Говоря об эпохе и, конкретнее, о том времени, когда Гуссерль (с растущей семьей) поселился и работал в Галле, мы отметили динамичный характер развития Германии этого времени, повышение статуса науки и образования и другие факторы, которые, взятые в целом и объективно, могли способствовать и действительно способствовали
(о чем подробнее – дальше) плодотворной работе молодого ученого. Но в том-то и дело, что объективные предпосылки всегда непрямо, неоднозначно преломляются через умонастроения, личностный строй, мироощущение личности. К тому же даже и несомненно высокие результаты труда ученого достигаются через трудности, сомнения, даже страдания личности. И ещё они объединяются с теми перипетиями судьбы исследователей, особенно молодых, которые обуславливаются житейскими фактами и трудностями. Ровно это случилось в судьбе раннего Гуссерля в годы его пребывания в Галле. Что отразилось в некоторых его собственных – достаточно мрачных – оценках этого периода жизни и творчества.Гуссерль, казалось бы, должен был, живя и работая в Галле, испытывать подъем – и не столько потому, что сознательно приспосабливался к динамическому ритму окружающей социальной жизни, сколько в силу погруженности в науку, в творческий поиск, относящиеся к коренным чертам научного познания. Но из-за стечения разных обстоятельств он испытывал не только творческий подъем, но и вынужден был преодолевать немалые трудности на своем пути, что порой повергало молодого ученого и мыслителя в духовные состояния, граничившие с депрессией.
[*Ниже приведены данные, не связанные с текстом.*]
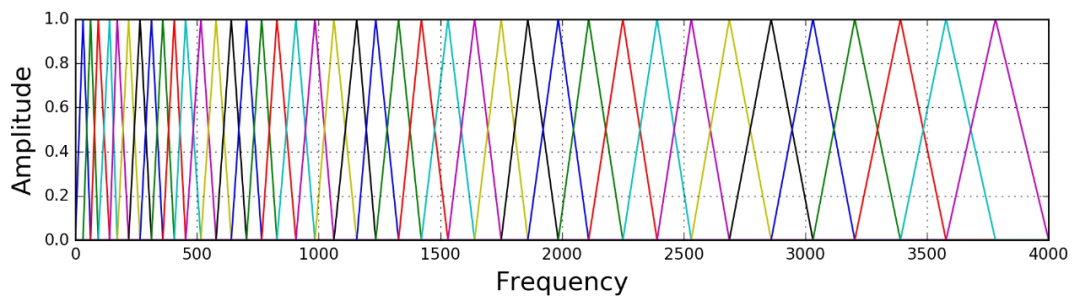 Tflite-micro在ESP32实现离线命令识别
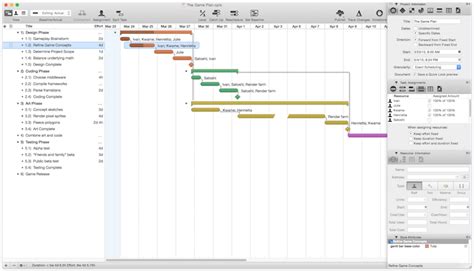 Project manager, project lead, computer operator and more! 24 Best Microsoft Project Alternatives in 2019 (Free and ...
Сам Гуссерль (по свидетельству Д. Кэрнса, одного из биографов основателя феноменологии) так говорил о своей молодости, и именно о годах, проведенных в Галле: «И мне в юности было трудно; я страдал от долгих приступов депрессии, вплоть до полной утраты всякого доверия к самому себе; я пытался также советоваться с невропатологом. По большей части дело было в моих философских затруднениях, относительно которых я лишь много позднее узнал, что это были затруднения тогдашней философии
, неясность и лишь кажущуюся научность которой я поначалу должен был относить к самому себе. Меня поддерживало доверие служивших образцом и достойных уважения людей, старших коллег (я тогда уже был приват-доцентом)… В философской работе я решил не выдвигать каких бы то ни было великих целей и считать себя счастливым уже тогда, когда я мог там или здесь создать для себя хотя бы маленькую полоску твердой почвы в болотах бессодержательной неясности. И так я жил, двигаясь от одного отчаяния к другому, от одного нового подъема к другому. И наконец за эти трудные 14 лет моего приват-доцентства в Галле все же забрезжило начало – “Логические исследования”, которые дали мне остановку и надежду. Этой работой я сам себя вылечил”.[58] Приведенная целостная гуссерлевская самооценка времени в Галле (Hallenser Jahre) дана, впрочем, много позже этого времени, в 1930 году. Совсем не верить Гуссерлю, его воспоминаниям нет оснований. Но и то надо принять в расчет, что в конце жизни любого человека у него нередко образуется некоторая аберрация по отношению к собственным молодым годам. Они то излишне романтизируются («как молоды мы были, как искренне любили, как верили в себя», поется в одной популярной российской песне), либо сугубо драматизируются.Что Гуссерль в Галле порой страдал от тяжелых состояний, граничащих с депрессией, скорее всего подтверждается фактами. Действительно, у него долго не было уверенности в том, что избрав, в конце концов, философский путь, он вышел именно на свою
дорогу. Некоторое время она, в самом деле, казалась ему чужой, пугающей – чем-то вроде болота, в котором тебе грозит гибель, если не найдешь устойчивой, твердой полоски земли. Справедливо и то наблюдение, что начинающему философу (не только философу, конечно) непросто разобраться, какие его затруднения (Versagen) проистекают из собственных трудностей роста, а какие связаны с тупиками современной ему науки и философии. Однако есть ещё одно принципиально важное обстоятельство, лучше объясняющее внутреннее состояние молодого ученого, чем его собственные воспоминания. Если бы он, как сам то определяет, не задавался «великими целями», а избирал совсем скромные задачи и удовлетворялся рутинной работой в избранной философской области (какой удовлетворяются многие люди), то его, скорее всего, не преследовали бы такие мучения, терзания духа. Ибо все дело состояло, по моему мнению, именно в том, что он – видимо, не вполне признаваясь в этом самому себе – уже в Галле ставил перед собой как раз «великие задачи». И Гуссерль стал хоть немного излечиваться после того, как создание «Логических исследований» придало ему искомую уверенность: в философии сделано нечто значительное.